If you want to work directly on the coordinates of pixels without interpolation, an image library may not work. You can grab the coordinates of the array with np.indices, and run them through any transform you'd like, and the original will associate with the original pixel value.
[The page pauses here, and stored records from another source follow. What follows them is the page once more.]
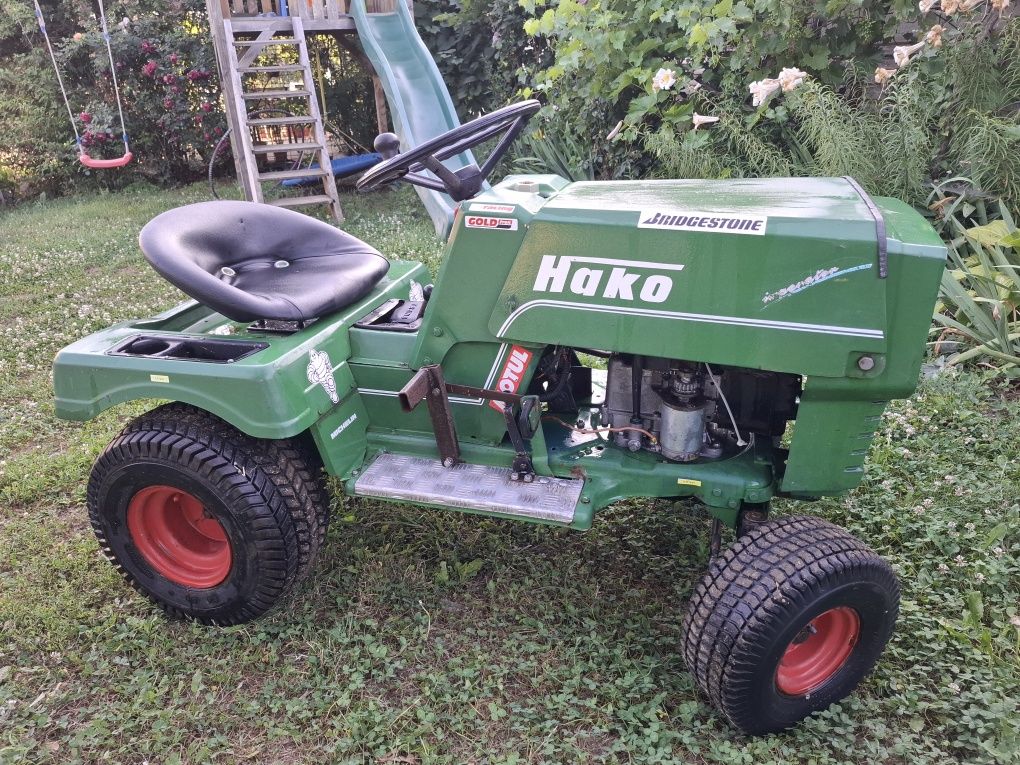 Tractorasi gradina ,transport ,taiat gazon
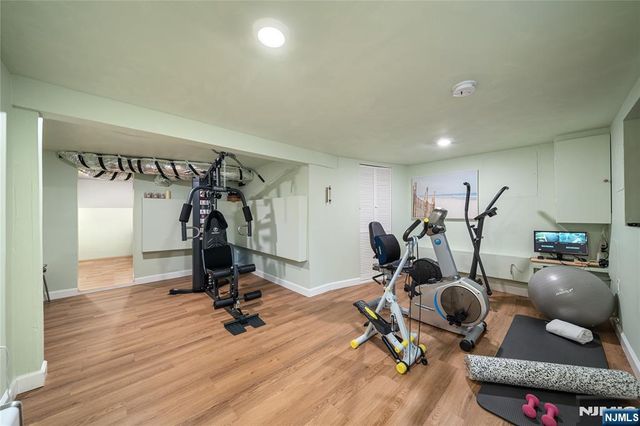 322 E Midland Avenue, Paramus, NJ 07652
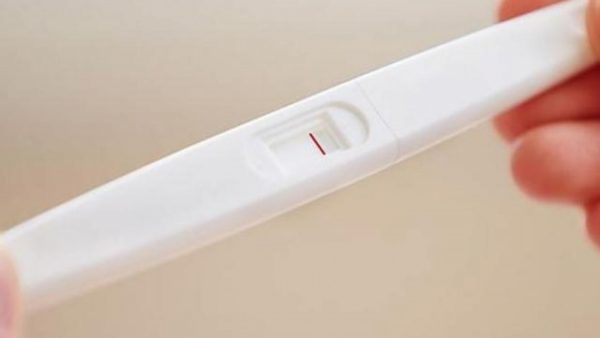 Kết quả thử thai không chỉ đơn thuần là 1 vạch đậm, 1 vạch mờ. Hãy tìm hiểu thêm về chi tiết rõ ràng về kết quả này để có thể xác định tình trạng của sức khỏe và cũng như tối ưu hóa chu kỳ sinh sản của bạn.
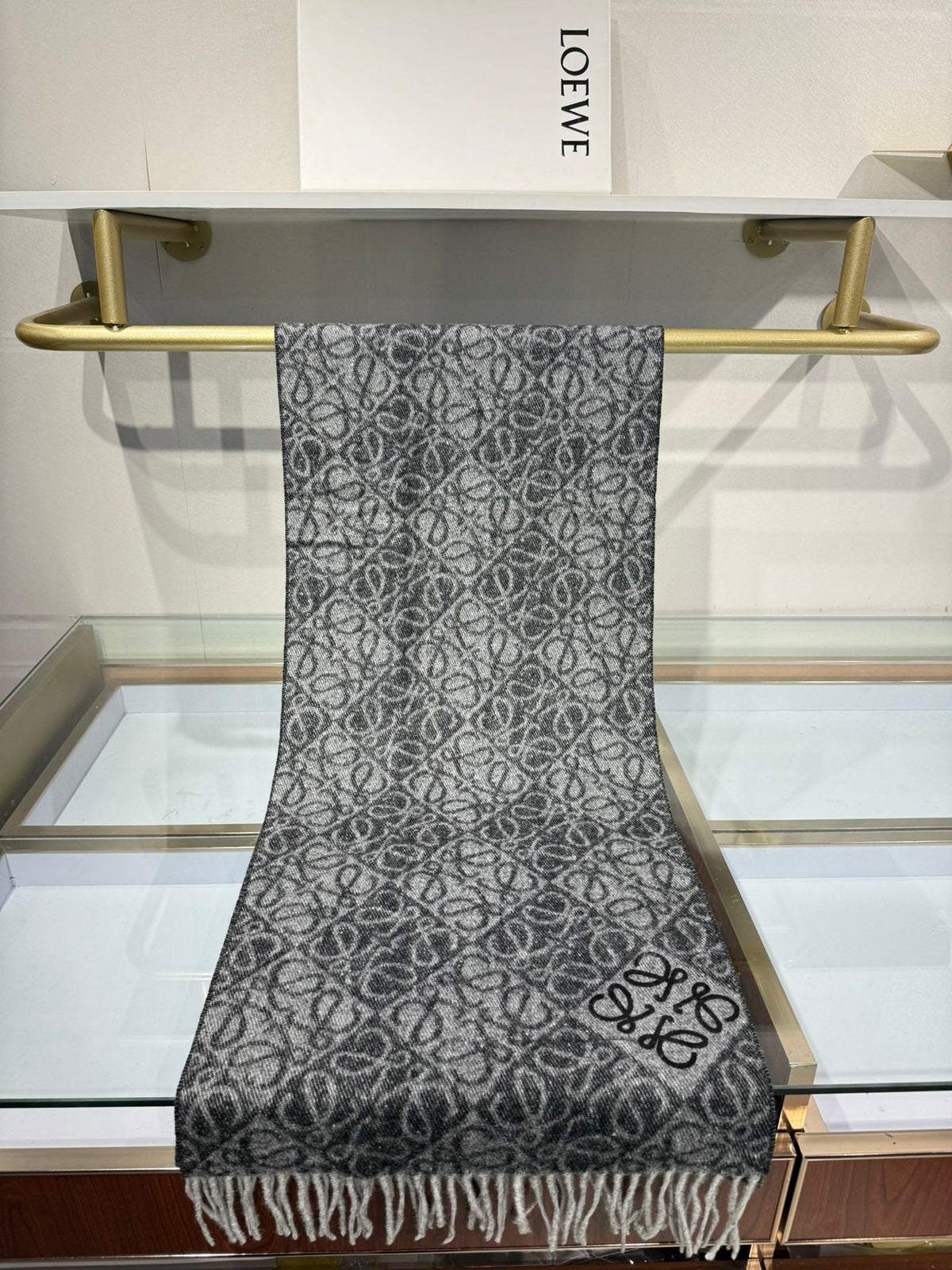 LOEWE 25S SCARF 180 IN CASHMERE WOOL 706573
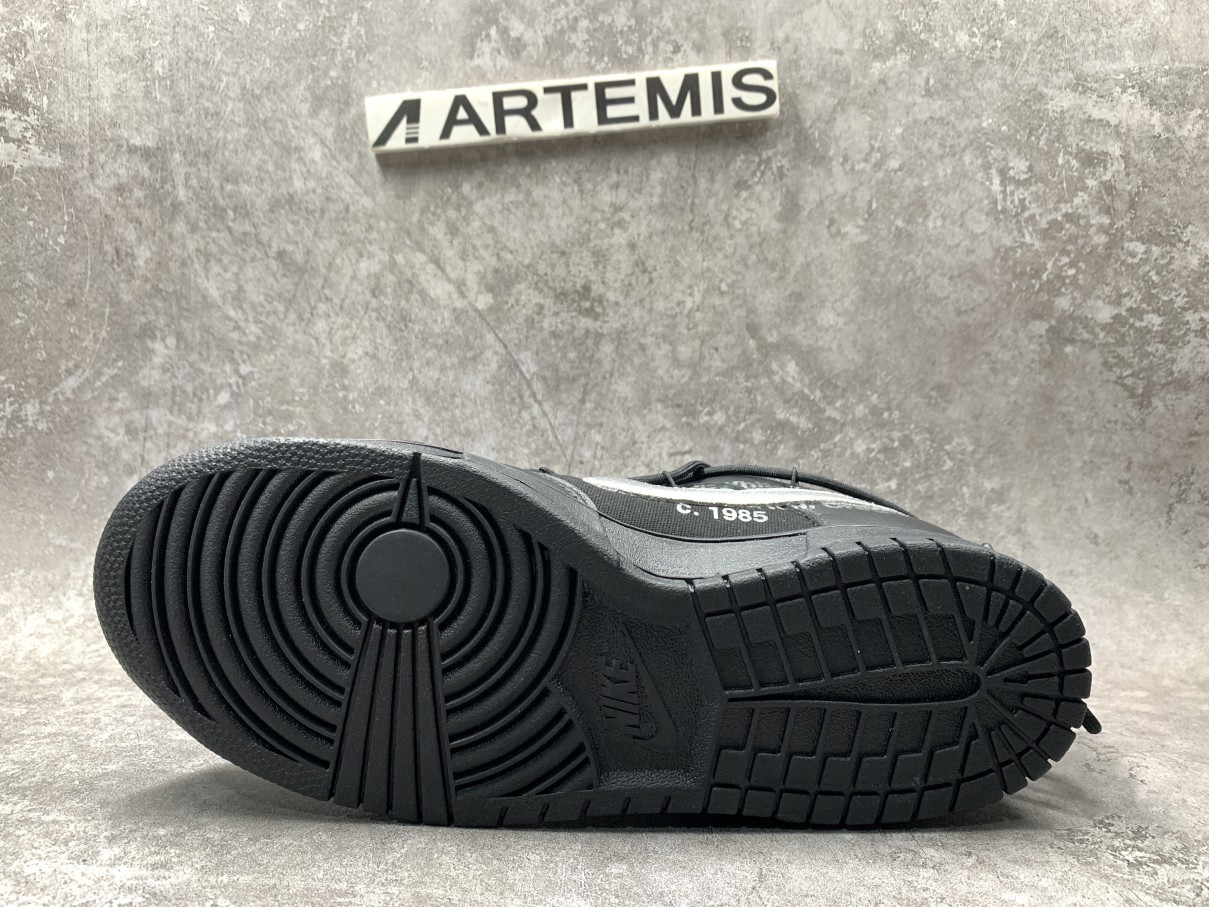 Off-White x Dunk Low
Unfortunately these transformations don't seem to be implemented in a common library, so you have to search for functions, e.g., Python - Rotation of 3D vector.
An example with the rotation from the linked answer:
a = np.arange(12).reshape(3, 4, 1) # a 2D image in 3D (hence the extra dim of 1)
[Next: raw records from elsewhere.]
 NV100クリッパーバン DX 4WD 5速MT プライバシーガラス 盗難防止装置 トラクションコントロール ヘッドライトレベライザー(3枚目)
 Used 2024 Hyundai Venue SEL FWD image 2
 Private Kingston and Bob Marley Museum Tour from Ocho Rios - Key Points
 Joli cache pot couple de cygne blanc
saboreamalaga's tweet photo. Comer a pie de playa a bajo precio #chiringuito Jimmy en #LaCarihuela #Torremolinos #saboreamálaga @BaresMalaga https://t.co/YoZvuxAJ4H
i, j, k = np.indices(a.shape)
x, y, z = np.meshgrid(np.linspace(0, 1, 4), np.linspace(0, 1, 3), [.5], indexing='xy')
axis = [0, 0, 1]
theta = 90
#M = rotation_matrix(axis, theta)
# for example, rotate around z-axis:
M = np.array([[ 0., -1., 0.],
[ 1., 0., 0.],
[ 0., 0., 1.]])
# the following two lines are equivalent ways of multiplying M by each point as a vector:
# we want to sum over last axis of M, first of [x, y z]
xp, yp, zp = np.einsum('ij,jklm->iklm' M, [x, y, z])
xp, yp, zp = np.tensordot(M, [x, y, z], axes=(-1,0))
So now, the point that was originally at, say, i, j, k = 2, 2, 0, went from:
x[2, 2, 0], y[2, 2, 0], z[2, 2, 0]
# (0.666666, 1.0, 0)
to
xp[2, 2, 0], yp[2, 2, 0], zp[2, 2, 0]
#(-1.0, 0.666666, 0.0)
And still has the color:
a[2, 2, 0]
# 10
You can see all the coordinate with the same shape as a just by looking at xp, yp, zp.
If your images are color, be careful that your 2D image is already 3D with an extra axis for color. Include this when using indices or meshgrid, and if you use einsum or tensordot.